I was playing Audiosurf today after seeing that it didn’t get ported to the Iphone yet. The reason? Apple does not expose access to the music files directly in it’s latest SDK. On Android the Situation is quiet similar. You have access to the SD Card and to any mp3 files that can be found there but you don’t have access to the decoders for mp3/ogg/what have you. No simple way to get PCM data unless you port libmad and similar decoders for ogg vorbis to android. Granted, that might not be a lot of work but it would be nice to have that functionality out of the box. Feeding PCM to the audio processor is at least easy with the AudioTrack class.

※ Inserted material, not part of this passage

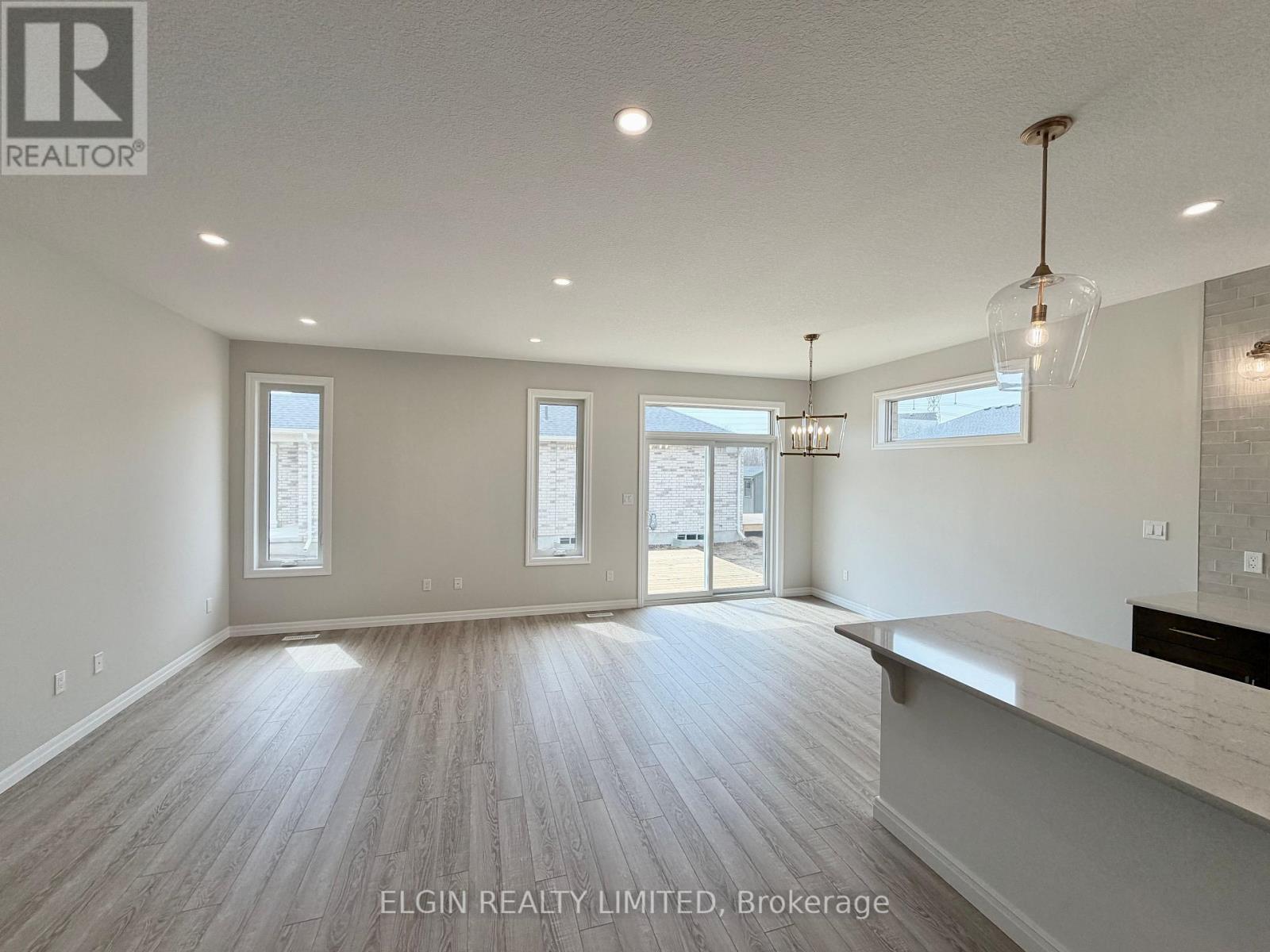 42202 Mcbain Line, Central Elgin, Ontario  N5P 0E4 - Photo 16 - X12965000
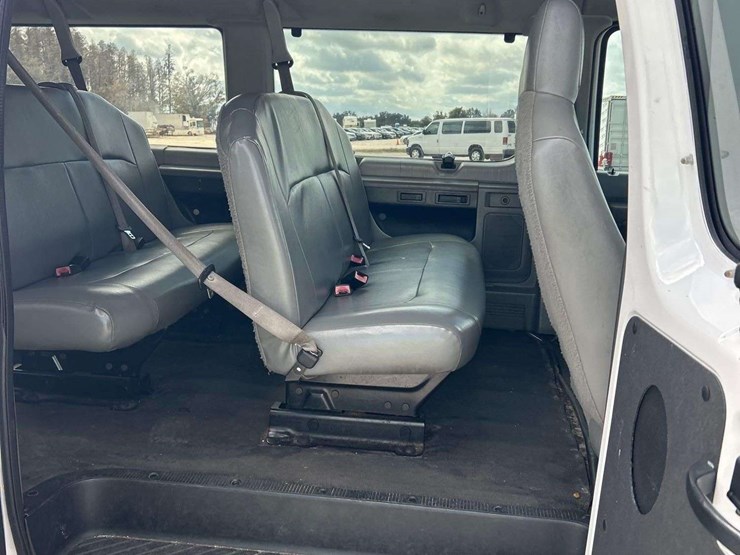 2012-ford-e350-image-21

I wasn’t all that impressed with Audiosurf’s way of visualizing Schism by Tool, maybe it was lousy cause i only tried the demo version. I became interested in how the tracks might get constructed in Audiosurf and poked around the intrawebs a bit. One part of the equation is beat detection or tracking which i researched a bit today. There’s not a lot of information on the web about this topic that is usefull to a non-mathematically inclined programmer like me. I know my way around simple DSP topics, but FT is as much as i understand.
One article that comes up a lot is the one written by Frederic Patin over at gamedev.net. It describes a couple of algorithms to detect beats. The simplest of the algorithms calculates the “instant” energy of a single frame of n successive samples (let’s call those a frame) and compares it to the average energy of a second worth of frames before that frame. If the energy of the current frame exceeds this average times some constant a beat has been found.
The problem with this approach is that it takes into account the whole frequency spectrum at once, so you get the combined energy of say your bass, guitar, drums and vocals all at once. This simple algorithm might work for electronic music where the rythm section is more pronounced but will fail for other genres such as rock or folk music.
To overcome this problem a second algorithm is proposed that computes the energies for sub-bands of the spectrum instead of the whole spectrum. For this the time-domain signal has to be transformed to the frequency domain, which is usually accomplished by a Fourier Transform. You basically repeat the process in the first algorithm for each sub-band seperately. This way you can differentiate (more or less) between different octaves and thus instruments. Well, only to some extend. The article proposes to split the sub-bands up linearly which should alert any music afficiando immediatly. Given a sample rate of 44100hz your FT will be able to give you the magnitudes of the frequencies from 0 to 22050hz (Nyquist-Shannon theorem, you only get half the sampling rate). Now, most of the interesting stuff will happen between 0 and 6000hz. It thus makes more sense to chose your sub-bands in a non-linear fashion.
One way to do is is to use octaves as explained in this fine blog entry. This way of sub-band layout makes a lot more sense from a musical point of view. The article comes with a nice Processing applet that shows the effects of the linear sub-banding versus the log sub-banding. The beat is much more easily detected in the later.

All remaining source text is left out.